"Even in the deepest solitude, a light may sometimes flicker.
But it is only a memory of time — not a promise."
**
There came a day when he stopped.
Not to contemplate.
Not to decide.
Simply because a child had fallen at his feet.
**
The boy's leg was twisted, broken.
His face — raw, terrified,
gazing up through eyes too young to understand despair.
And Anor'Ven, without thought,
without plan,
reached out a hand.
Not to save.
Not to comfort.
Simply…
Because it was easier to move forward that way.
**
He lifted the boy onto shaking legs.
Released him.
And continued onward.
Wordless.
Weightless.
**
But the world saw.
**
The gesture crossed generations like fire through dry grass.
They said he had blessed the child.
That he had pardoned mankind.
That his hand carried redemption hidden in silence.
A sanctuary was raised on the dust he had once disturbed.
Banners flew in winds he never summoned.
**
Later, a woman crawled broken through the ashes of battle.
Blood caked her skin, her breath a dying whisper.
Anor'Ven approached.
Paused.
He shifted a fallen stone, clearing a path.
Nothing more.
**
She screamed of salvation.
Her people crowned her a prophetess.
Shrines rose in her name.
And with each silent movement,
Anor'Ven became less a man —
and more a god he had never chosen to be.
**
In his gaze,
no light flickered.
No anger blazed.
No regret lived.
Only silence.
Endless.
Heavy.
**
The lie grew thick and tangled behind him.
Fed by hunger.
By memory.
By desperate, failing faith.
**
And the world…
continued to turn.
**
It was no longer the world he had once known.
The forests thinned into broken veins.
The plains deepened into scars.
Even the mountains bowed under the burden of centuries.
**
Anor'Ven's steps lost their mechanical rhythm.
Sometimes, he halted before a twisted tree, bent by ancient winds.
Sometimes, he sat upon crumbled walls, staring at a sky too young to remember gods.
Sometimes, he turned away from villages drowned in their own dead beliefs.
**
Solitude had ceased to be a cloak.
It had become his skin.
**
Men crossed his path still,
but less often.
Thinner.
Quieter.
Some knelt —
out of instinct or old stories.
Others turned their faces away,
ashamed to look.
Most simply passed him by,
as if he were a shadow already.
**
One day, he drifted through a field of broken crosses.

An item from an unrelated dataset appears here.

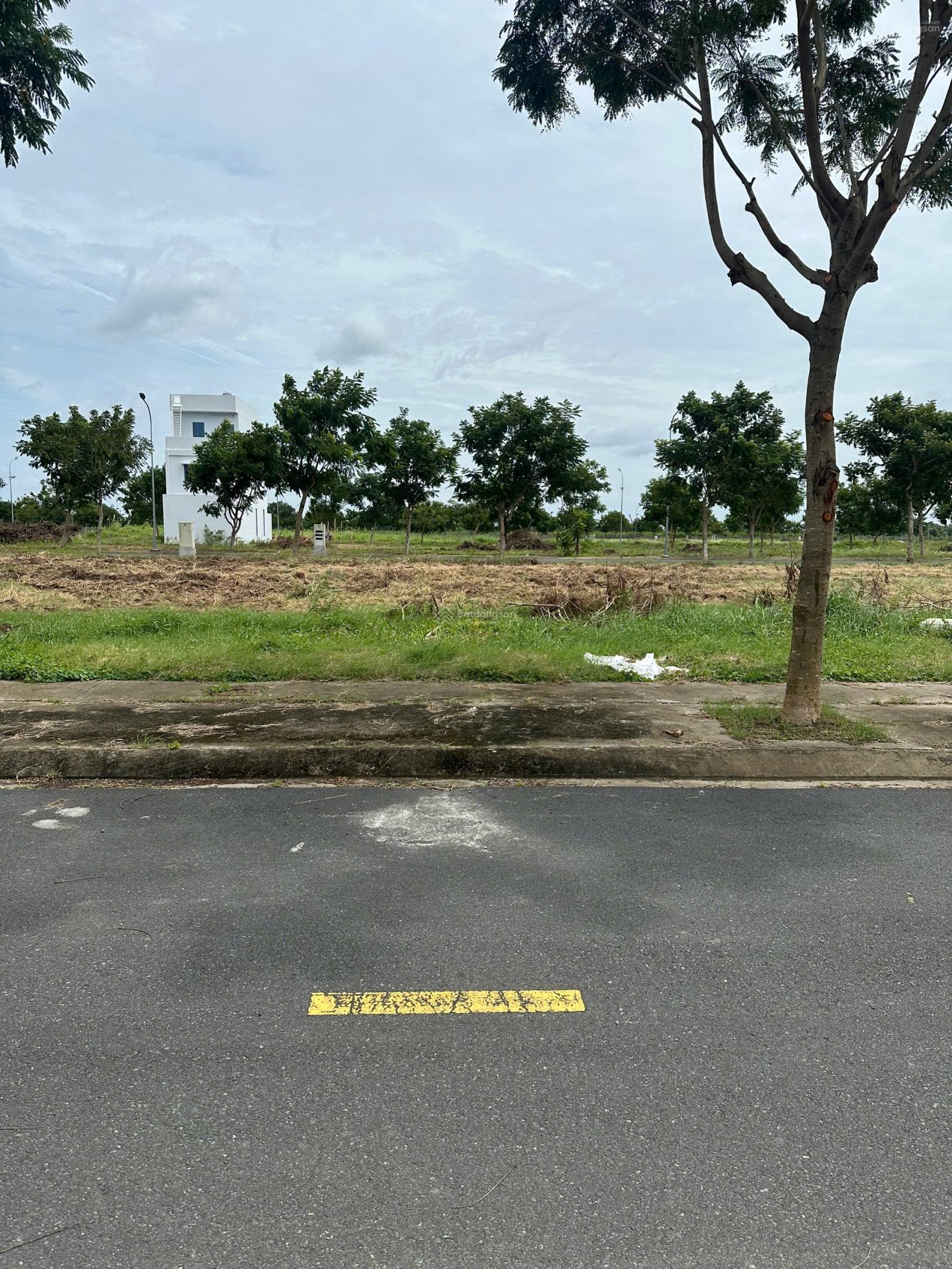 Bán gấp đất nền dự án Hiệp Phước Harbour View, 1,25 tỷ, 80m2, lh: 0903 333 *** Tuyền ạ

The corpses had long since vanished.
Only shadows remained, twisted by time,
and a wind heavy with the scent of ancient ash.
He paused.
Not to pray.
Not to mourn.
Only because here, at last,
the earth demanded nothing.
**
Further along the wasteland,
his steps carried him past a woman clothed in rags,
a stone raised in trembling hands.
Her eyes — wild, hollow, starving.
Anor'Ven did not flinch.
Did not lift a hand.
The stone slipped from her grasp.
And she collapsed at his feet,
weeping,
as if hatred itself had betrayed her.
**
Sometimes, he listened.
Not to words.
But to the fractures between them.
The aborted prayers.
The muffled cries.
The songs broken before they could ever soar.
It was there —
in the broken spaces —
that the true voice of the world whispered.
**
Days were no longer days.
Time no longer a thread.
It gathered like dust upon his shoulders,
but never enough to bury him.
**
On distant horizons,
lines of black scarred the sky.
Crumbling towers.
Cities dragged into being by hands too desperate to know why they built.
Not born of hope —
but of hunger.
**
He wandered on,
untethered by time,
unclaimed by memory.
**
The world moved.
Not toward light.
Not toward wisdom.
Only toward something else.
Something stranger.
Something lost.
**
And so he continued.
Not by duty.
Not by desire.
He had to.
**
Because even as memories rotted and civilizations crumbled,
he endured.
Because he was the last echo the world could not silence.